Current location - Plastic Surgery and Aesthetics Network - Plastic surgery and medical aesthetics - A deep understanding of kafka (V) log storage
A deep understanding of kafka (V) log storage
5. 1 file directory layout

There are five checkpoint files in the root directory: cleaner-offset-checkpoint, log-start-offset-checkpoint, meta.properties, recovery-point-offset-checkpoint and replication-offset-checkpoint.

There are the following directories under the partition directory: 0000xxx.index (the offset is 64 bits long and the length is fixed at 20 bits), 0000xxx.log, 0000xxx.timeindex 。

It may also contain temporary files, such as deleted.cleaned.swap, and may also contain .snapshot.txnindex leader-epoch-checkpoint.

5.2 Evolution of Log Format

5.2. 1 v0 version

Before Kafka 0. 10.0

RECORD_OVERHEAD includes an offset (8B) and a message size (4B).

Records include:

Crc32(4B):crc32 check value

Magic( 1B): message version number 0.

Attribute (1B): Message attribute. The lower 3 bits indicate the compression type: 0-none1-gzip2-snappy3-lz4 (0.9.x push out).
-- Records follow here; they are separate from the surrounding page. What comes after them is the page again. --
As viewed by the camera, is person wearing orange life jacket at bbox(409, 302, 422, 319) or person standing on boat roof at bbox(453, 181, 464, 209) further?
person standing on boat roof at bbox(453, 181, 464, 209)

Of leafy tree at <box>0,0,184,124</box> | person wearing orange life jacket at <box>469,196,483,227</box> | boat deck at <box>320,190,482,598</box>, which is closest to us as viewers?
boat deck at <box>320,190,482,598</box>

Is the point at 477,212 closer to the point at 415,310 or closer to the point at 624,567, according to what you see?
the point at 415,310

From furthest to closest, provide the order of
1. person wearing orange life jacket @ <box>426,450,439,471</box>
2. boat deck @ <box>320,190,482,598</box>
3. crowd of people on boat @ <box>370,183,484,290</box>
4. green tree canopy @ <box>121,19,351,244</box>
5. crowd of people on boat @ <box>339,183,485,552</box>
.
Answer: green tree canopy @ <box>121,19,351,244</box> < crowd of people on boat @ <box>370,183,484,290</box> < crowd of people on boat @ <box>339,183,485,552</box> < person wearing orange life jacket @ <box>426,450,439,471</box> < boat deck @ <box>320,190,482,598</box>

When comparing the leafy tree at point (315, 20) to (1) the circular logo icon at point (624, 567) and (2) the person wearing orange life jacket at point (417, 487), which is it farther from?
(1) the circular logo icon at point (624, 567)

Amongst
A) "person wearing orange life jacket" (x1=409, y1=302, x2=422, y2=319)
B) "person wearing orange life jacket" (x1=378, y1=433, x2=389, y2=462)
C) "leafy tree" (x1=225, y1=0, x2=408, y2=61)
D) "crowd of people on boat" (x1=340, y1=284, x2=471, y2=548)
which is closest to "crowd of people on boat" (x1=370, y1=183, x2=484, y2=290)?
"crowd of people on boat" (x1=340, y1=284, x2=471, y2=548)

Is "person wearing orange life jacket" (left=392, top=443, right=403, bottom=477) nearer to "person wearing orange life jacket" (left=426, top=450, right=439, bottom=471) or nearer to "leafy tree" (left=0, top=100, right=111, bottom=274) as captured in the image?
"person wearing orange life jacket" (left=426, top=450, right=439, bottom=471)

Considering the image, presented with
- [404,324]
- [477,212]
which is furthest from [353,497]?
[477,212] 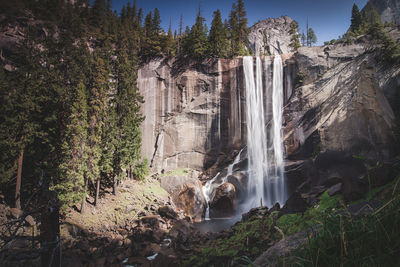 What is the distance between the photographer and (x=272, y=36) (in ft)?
267

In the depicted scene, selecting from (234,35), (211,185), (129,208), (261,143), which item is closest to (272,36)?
(234,35)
Key Length (4B): indicates the length of the message key. -1 means empty.

Key: Optional

Value Length (4B): the length of the actual message body. -1 means empty.

Value: Message body. Can be empty, such as tombstone message.

Version 5.2.2 v 1

Kafka 0. 1.0-0. 1.0

There is a timestamp (8B) field greater than v0, indicating the timestamp of the message.

Property is also used. 0 indicates that the timestamp type is CreateTime, and 1 indicates that the timestamp type is LogAppendTime.

The timestamp type is configured by the proxy parameter log.message.timestamp.type, and the default value is CreateTime, that is, the timestamp created by the producer is adopted.

message compression

In order to ensure end-to-end compression, the server is configured with compression.type, which is "producer" by default, indicating that the compression method used by producer is retained. It can also be configured as "gzip", "Snappy" and "LZ4".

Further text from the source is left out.